Short web captions
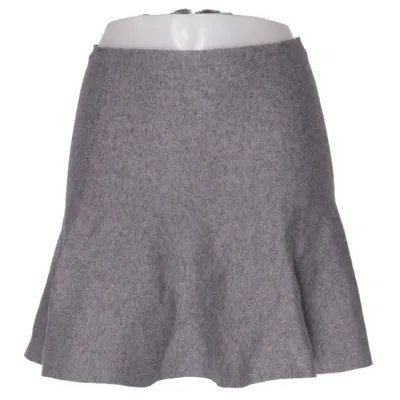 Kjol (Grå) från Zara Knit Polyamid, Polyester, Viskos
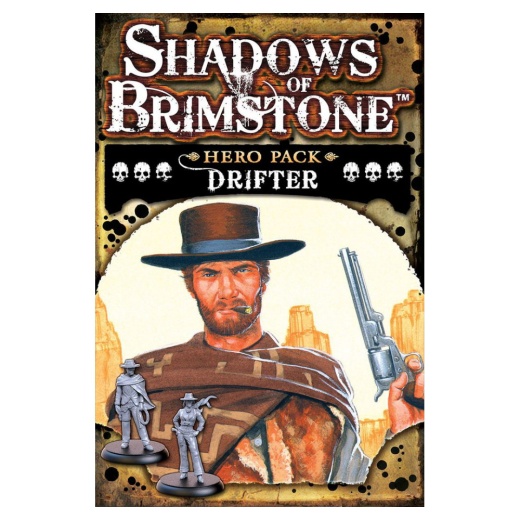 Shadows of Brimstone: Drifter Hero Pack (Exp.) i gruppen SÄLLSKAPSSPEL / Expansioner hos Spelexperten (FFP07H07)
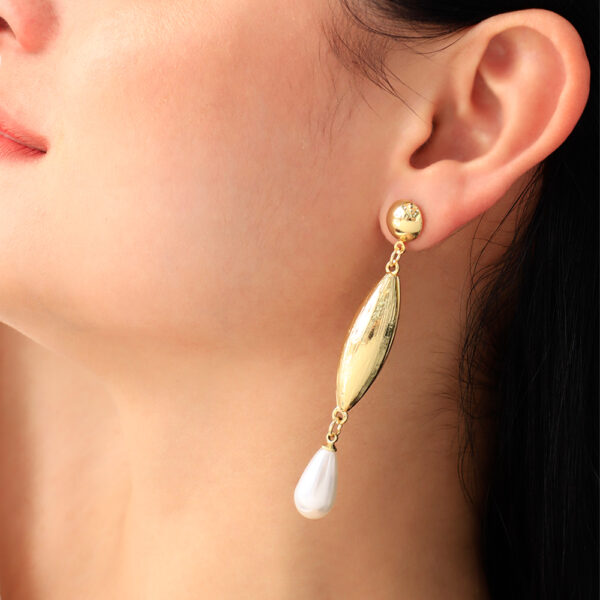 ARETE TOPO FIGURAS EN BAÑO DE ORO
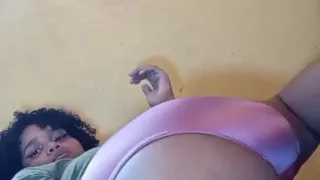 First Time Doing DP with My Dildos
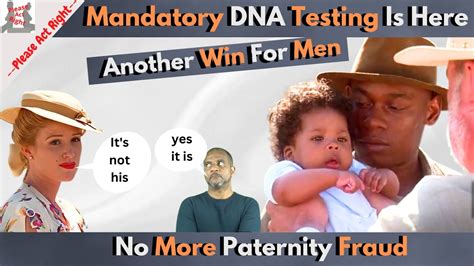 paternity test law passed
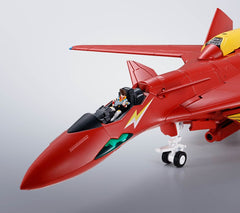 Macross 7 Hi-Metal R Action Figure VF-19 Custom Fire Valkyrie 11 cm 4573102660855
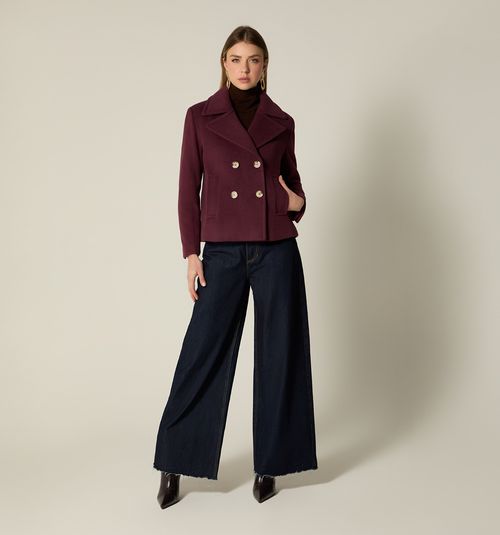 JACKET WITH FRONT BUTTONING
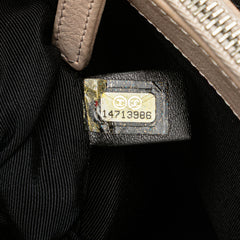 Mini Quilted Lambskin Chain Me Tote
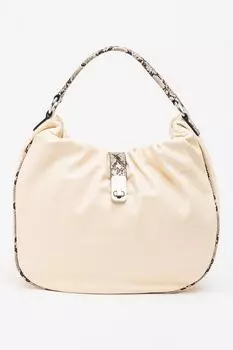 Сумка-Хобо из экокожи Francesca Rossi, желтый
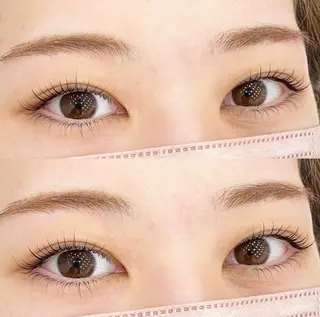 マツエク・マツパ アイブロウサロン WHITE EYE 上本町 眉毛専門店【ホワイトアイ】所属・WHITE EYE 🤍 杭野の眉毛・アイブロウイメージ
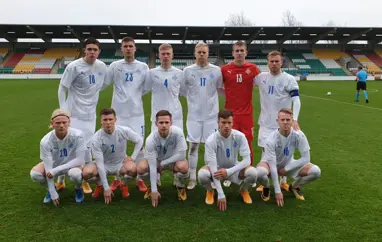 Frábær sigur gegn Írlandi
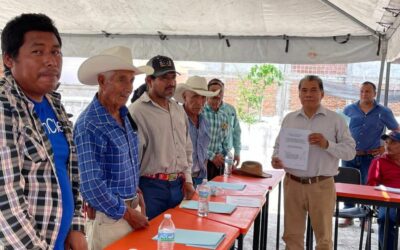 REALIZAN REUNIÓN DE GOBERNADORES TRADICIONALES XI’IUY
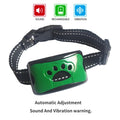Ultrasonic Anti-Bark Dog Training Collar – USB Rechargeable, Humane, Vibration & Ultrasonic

TASK PROMPT
Repeat the data verbatim through the "REALIZAN REUNIÓN DE" line, no pictures.

ANSWER TO THIS TASK
 Kjol (Grå) från Zara Knit Polyamid, Polyester, Viskos
 Shadows of Brimstone: Drifter Hero Pack (Exp.) i gruppen SÄLLSKAPSSPEL / Expansioner hos Spelexperten (FFP07H07)
 ARETE TOPO FIGURAS EN BAÑO DE ORO
 First Time Doing DP with My Dildos
 paternity test law passed
 Macross 7 Hi-Metal R Action Figure VF-19 Custom Fire Valkyrie 11 cm 4573102660855
 JACKET WITH FRONT BUTTONING
 Mini Quilted Lambskin Chain Me Tote
 Сумка-Хобо из экокожи Francesca Rossi, желтый
 マツエク・マツパ アイブロウサロン WHITE EYE 上本町 眉毛専門店【ホワイトアイ】所属・WHITE EYE 🤍 杭野の眉毛・アイブロウイメージ
 Frábær sigur gegn Írlandi
 REALIZAN REUNIÓN DE GOBERNADORES TRADICIONALES XI’IUY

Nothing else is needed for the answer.